Pictures must not appear in your answer. Write out exactly the lines from the one with "Item preview, Ladybird" through the last line of the entries below.

Caption-style text data:
......

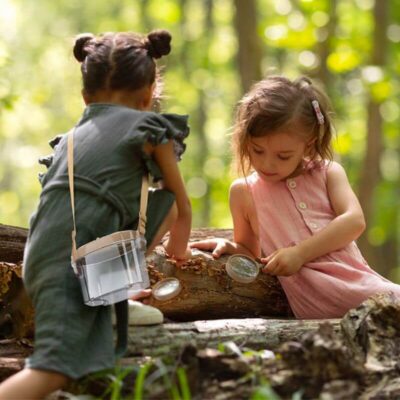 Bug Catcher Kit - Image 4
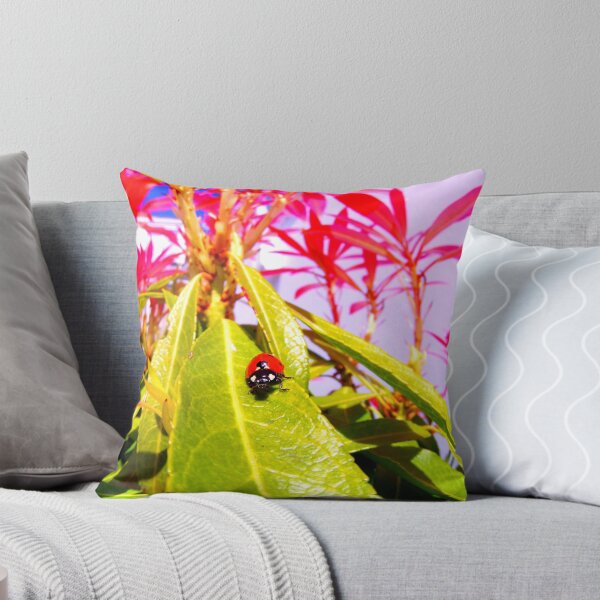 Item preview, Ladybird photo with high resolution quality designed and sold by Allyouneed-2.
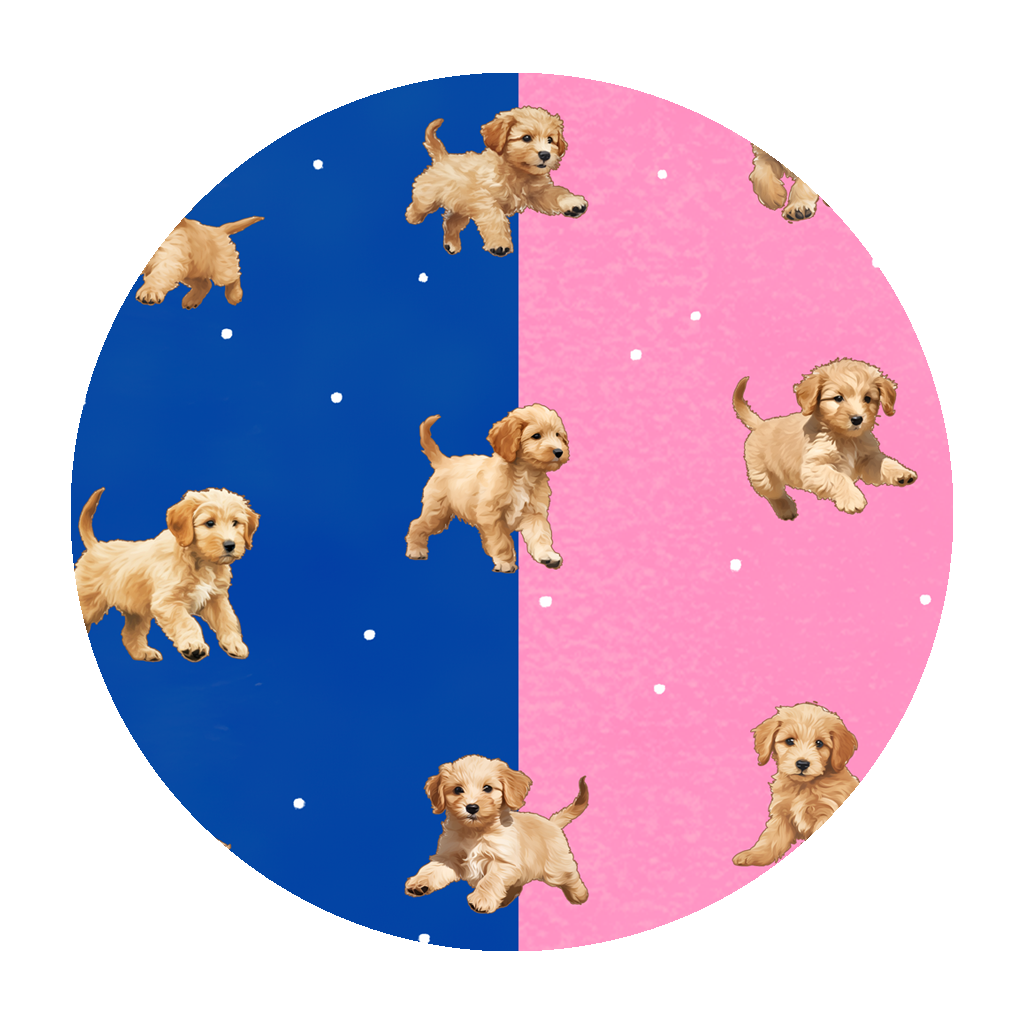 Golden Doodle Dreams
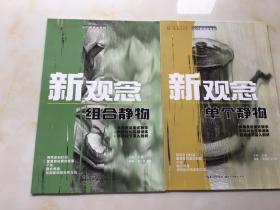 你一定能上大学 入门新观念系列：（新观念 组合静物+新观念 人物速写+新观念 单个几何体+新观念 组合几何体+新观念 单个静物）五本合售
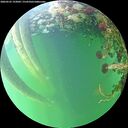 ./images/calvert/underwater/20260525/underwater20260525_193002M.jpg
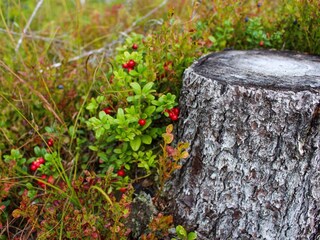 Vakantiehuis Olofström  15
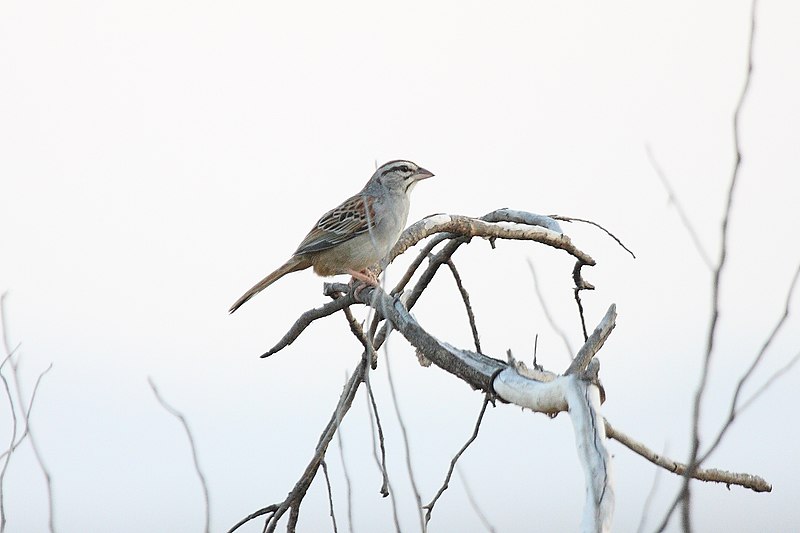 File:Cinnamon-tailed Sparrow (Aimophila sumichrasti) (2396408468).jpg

......

### ANSWER FOR THIS EXERCISE
 Item preview, Ladybird photo with high resolution quality designed and sold by Allyouneed-2.
 Golden Doodle Dreams
 你一定能上大学 入门新观念系列：（新观念 组合静物+新观念 人物速写+新观念 单个几何体+新观念 组合几何体+新观念 单个静物）五本合售
 ./images/calvert/underwater/20260525/underwater20260525_193002M.jpg
 Vakantiehuis Olofström  15
 File:Cinnamon-tailed Sparrow (Aimophila sumichrasti) (2396408468).jpg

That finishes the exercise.